[[ Supplied material, beginning ]]
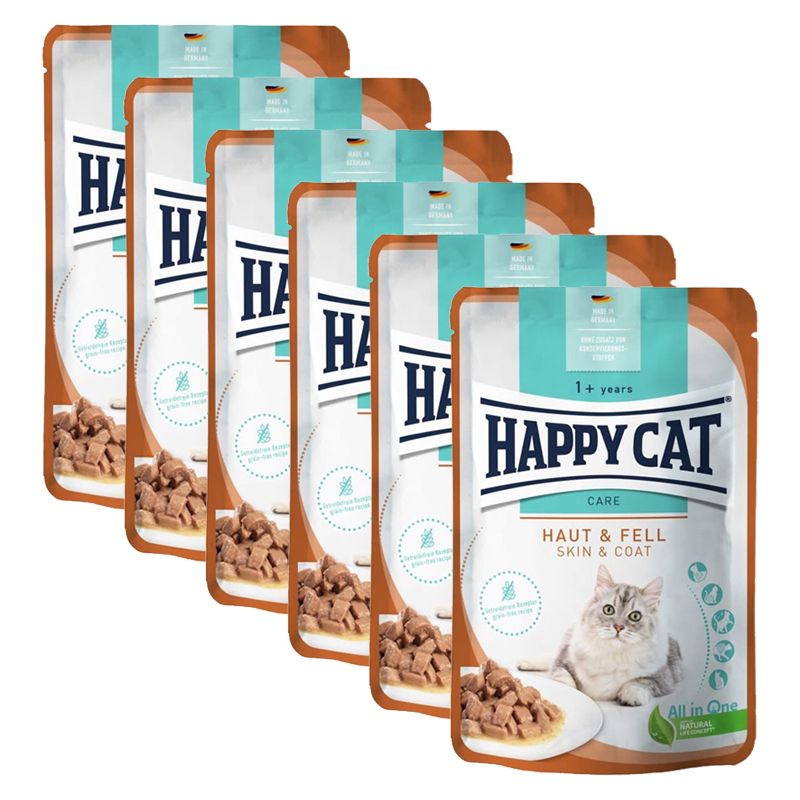 Happy Cat Care Pliculeț Haut & Fell / Piele & blană 6 x 85 g
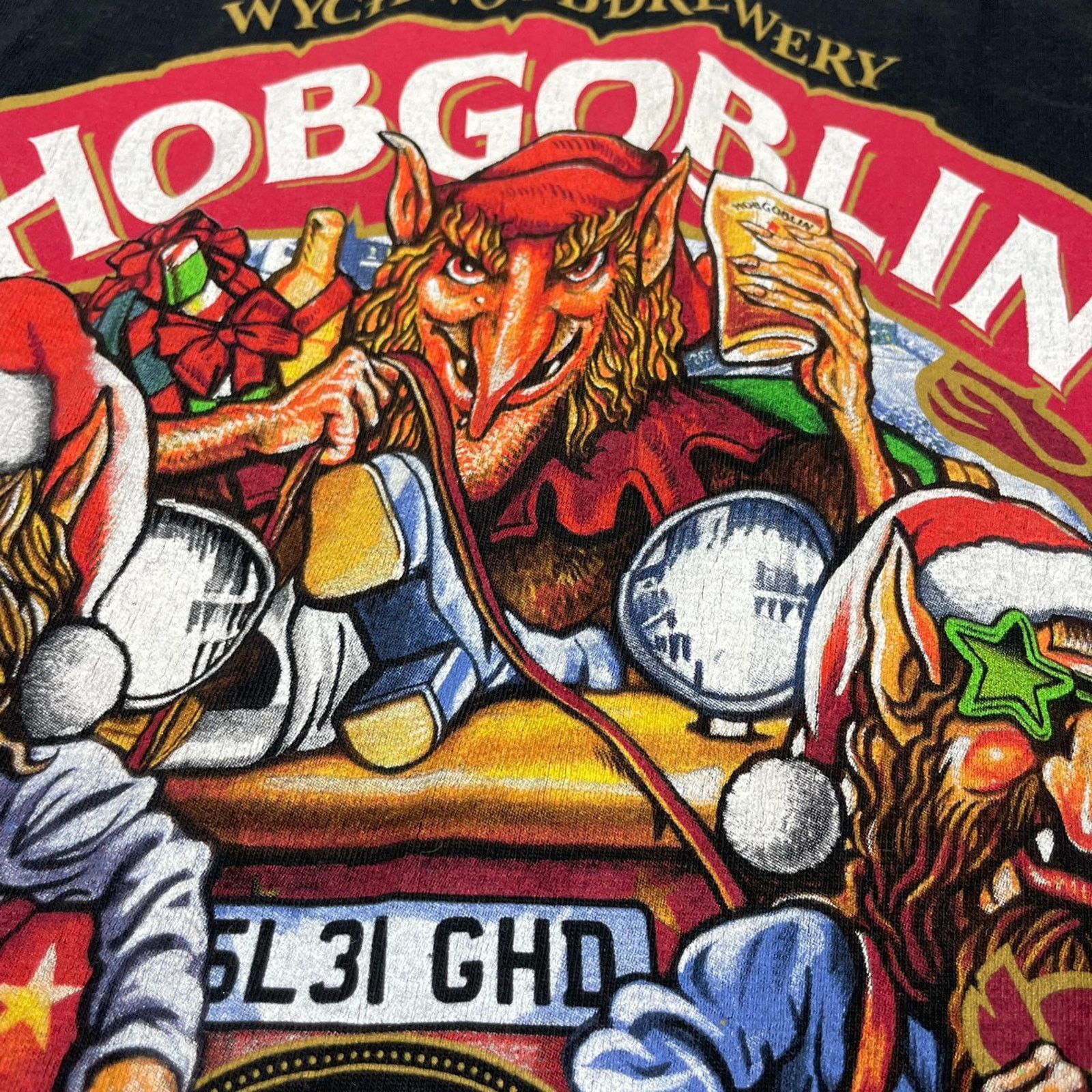 Fruit Of The Loom Vintage Fruit Of The Loom HobGoblin T Shirt Size L Black y2k Size US L / EU 52-54 / 3 - 5 Thumbnail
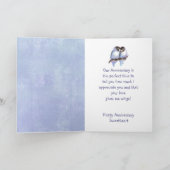 カスタムハッピーアニバーサリースウィートブルーロブバード カード (内部)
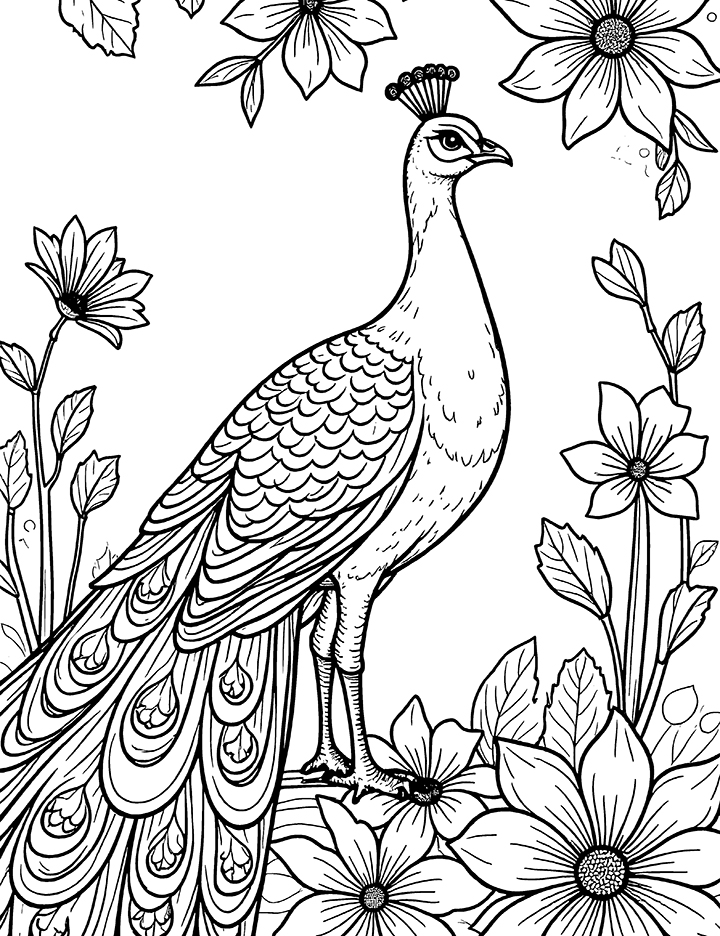 Peacock and flowers coloring page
[[ Supplied material, end ]]
- [Work request] Make an exact copy of the listing. Leave its pictures out.

- [Task solution]
 Happy Cat Care Pliculeț Haut & Fell / Piele & blană 6 x 85 g
 Fruit Of The Loom Vintage Fruit Of The Loom HobGoblin T Shirt Size L Black y2k Size US L / EU 52-54 / 3 - 5 Thumbnail
 カスタムハッピーアニバーサリースウィートブルーロブバード カード (内部)
 Peacock and flowers coloring page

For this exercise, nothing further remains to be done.